The Sun supplies a persistent low-entropy energy flux, driving matter far from equilibrium. Energy gradients dissipate, and the laws of physics restrict how matter can move, forcing dissipation to occur through specific interactions rather than arbitrarily. Transient ordered structures can arise as a consequence of these restrictions (Schrödinger, What Is Life?).
Most such structures arise only briefly. Some molecular processes, however, use energy flow to repeatedly copy their own structure. Information-encoding molecules enable repeatable, energy-driven copying. Replication arises from this repeatability, not from purpose or preference.
Copying with variation enables evolution. In constructor-theoretic terms, self-reproduction and Darwinian evolution are compatible with ordinary, no-design laws of physics when certain informational transformations are possible (Marletto, The Constructor Theory of Life).
Once replication with variation exists, informational structures that are copied more frequently become increasingly represented over time.

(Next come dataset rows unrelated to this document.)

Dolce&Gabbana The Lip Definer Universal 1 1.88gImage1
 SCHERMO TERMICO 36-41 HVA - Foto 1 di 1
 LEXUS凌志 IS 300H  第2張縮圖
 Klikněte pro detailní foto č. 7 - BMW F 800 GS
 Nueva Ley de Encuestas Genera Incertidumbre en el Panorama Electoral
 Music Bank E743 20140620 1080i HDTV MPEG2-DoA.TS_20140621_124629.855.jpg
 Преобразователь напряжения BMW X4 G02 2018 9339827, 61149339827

Genes can be understood as such replicators, with organisms serving as transient vehicles for their propagation (Dawkins, The Selfish Gene).
Some systems evolve mechanisms in which internal chemical states trigger physical responses to environmental conditions, for example chemotaxis toward nutrients. Such mechanisms increase replication frequency by coupling sensed conditions to action. This is minimal agency: the control of action in relation to internal states and external conditions.
Brains evolved as increasingly flexible extensions of this capacity. They allow organisms to coordinate perception, memory, prediction, internal state, and action. This creates learning agents: agents that can revise behavior within a lifetime rather than only through genetic evolution.
In humans, this flexibility crossed a further threshold. Social learning, imitation, shared attention, and language allowed internal models to become public. Once ideas could be communicated, they could be copied, varied, criticized, recombined, and preserved across generations.
This created cultural evolution: a second process of variation, transmission, and selection operating on ideas, practices, tools, norms, and explanations rather than only on genes. When joined with criticism, this process becomes a powerful form of error correction.
Human beings are therefore explanatory agents. They can turn failure into problems, problems into conjectures, and conjectures into criticizable explanations.
A four-term Greek formulation of critical rationalism: certainty is denied; inquiry begins from conjectural belief; belief is subjected to criticism, testing, or refutation; and error is corrected through revision. Its Greek core is derived from Xenophanes of Colophon’s fragments B34–B35, Xenophanes lived c. 570–c. 478 BCE, roughly 2,500 years ago, possibly among the earliest surviving expressions of the fallibilist idea: humans do not possess τὸ σαφές, the clear and certain truth, but proceed through δόκος, opinion or conjecture, which may resemble truth without becoming certainty. The final terms, ἔλεγχος and διόρθωσις, extend the sequence in the spirit of Karl Popper’s critical rationalism, from conjecture through criticism/refutation to correction.